▶ Information given
↓

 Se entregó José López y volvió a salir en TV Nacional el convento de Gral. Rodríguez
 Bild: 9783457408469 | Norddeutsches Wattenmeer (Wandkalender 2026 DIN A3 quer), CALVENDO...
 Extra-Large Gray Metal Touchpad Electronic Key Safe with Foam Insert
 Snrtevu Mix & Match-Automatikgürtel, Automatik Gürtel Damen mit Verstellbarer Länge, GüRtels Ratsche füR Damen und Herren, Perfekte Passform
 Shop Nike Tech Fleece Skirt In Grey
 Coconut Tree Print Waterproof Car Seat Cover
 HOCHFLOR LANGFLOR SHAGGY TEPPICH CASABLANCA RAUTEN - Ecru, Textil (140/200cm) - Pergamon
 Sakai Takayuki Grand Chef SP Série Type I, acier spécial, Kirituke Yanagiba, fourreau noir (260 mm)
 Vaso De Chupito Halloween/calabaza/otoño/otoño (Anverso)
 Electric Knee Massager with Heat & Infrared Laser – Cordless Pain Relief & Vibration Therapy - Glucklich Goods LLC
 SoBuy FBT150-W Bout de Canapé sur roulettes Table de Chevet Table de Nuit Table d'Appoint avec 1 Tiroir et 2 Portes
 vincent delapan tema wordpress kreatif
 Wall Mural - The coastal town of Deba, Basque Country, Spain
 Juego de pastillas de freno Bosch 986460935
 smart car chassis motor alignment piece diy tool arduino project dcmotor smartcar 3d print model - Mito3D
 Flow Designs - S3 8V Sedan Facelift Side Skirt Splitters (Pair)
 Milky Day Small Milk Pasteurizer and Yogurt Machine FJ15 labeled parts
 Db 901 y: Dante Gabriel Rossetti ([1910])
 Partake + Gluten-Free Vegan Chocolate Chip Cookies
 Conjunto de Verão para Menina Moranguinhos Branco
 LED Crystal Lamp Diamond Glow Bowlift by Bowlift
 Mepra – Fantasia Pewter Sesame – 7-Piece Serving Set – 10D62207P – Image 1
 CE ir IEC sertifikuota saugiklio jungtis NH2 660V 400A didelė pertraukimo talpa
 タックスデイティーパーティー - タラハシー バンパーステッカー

↑

▶ Problem to solve
Show every line from the entries above in which the word "Skirt" appears.

▶ Output of the exercise
 Shop Nike Tech Fleece Skirt In Grey
 Flow Designs - S3 8V Sedan Facelift Side Skirt Splitters (Pair)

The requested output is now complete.